Есть и другие произведения этой школы, стоящие несравненно ближе к парфянской пластике, хотя всем им далеко до острой суховатой точности линеарного стиля Пальмиры и Хатры. На рельефе из Шотарака, буддийского памятника в 50 милях севернее Кабула, представлен, судя по костюму, иранец или парфянин и рядом с ним женщина, одетая и причесанная по-гречески. Сочетания такого рода обычны для Пальмиры, для Дура-Европоса, расположенных в глубине Парфии [44] . Каменная фигура из Шахри-Бахлола в окрестностях Пешавара (теперь находится в Пешаваре) одета согласно иранским модам в длинные брюки и кафтан, богато расшитые бусами, и перетянута узорным поясом, похожим на те, что известны по рельефам из Хатры.
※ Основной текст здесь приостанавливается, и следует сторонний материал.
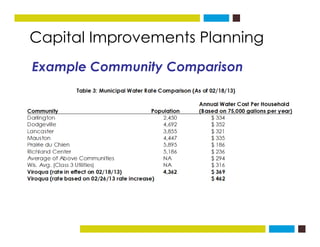 Capital Improvements Planningg
Example Community Comparison
 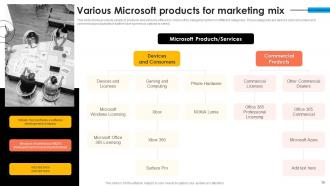 Microsoft Strategy For Continuous Business Growth Powerpoint Presentation Slides Strategy CD Professionally Editable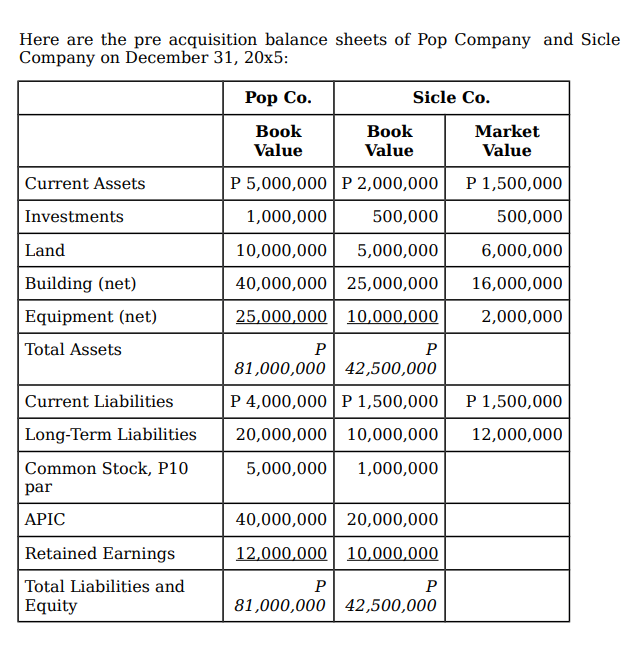 Company on December 31, 20x5: Sicle co. Market Value Current Assets Investments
И все же, несмотря на многочисленные морские и караванные дороги из Пальмиры в Индию, гандхарское искусство не дает нам почти ничего, что прямо указывало бы на парфянский запад. Также и пресловутую фронтальность, свойственную некоторым скульптурным композициям Гандхары (например, из ступы Дхармараджика в Таксиле), вовсе не обязательно приписывать влиянию Парфии. Правда, в полупарфянской Пальмире по крайней мере с I в. н. э. божества и другие, менее значительные персоны изображаются непременно анфас, со взглядом, устремленным вперед, на зрителя. Ростовцев, занимающий выгодные позиции в Дура-Европосе на Евфрате и почитаемый основателем парфянского искусствознания, отмечал ту же особенность в художественном ремесле «иранских кочевников» (скифов и сарматов) Южной России уже в III в. до н. э. Кроме того, по его мнению, «именно саки [скифы, — М. У.] преподали художникам и скульпторам Гандхары начала фронтальности».

44

Очень странное утверждение. Дура-Европос — город на Евфрате, одно время парфянская крепость на западной границе Парфии. Пальмира же вообще не входила в состав Парфянского царства, хотя и была с ним тесно связана и экономически и культурно, являясь своеобразным «буфером» между Римской империей и государством Парфян.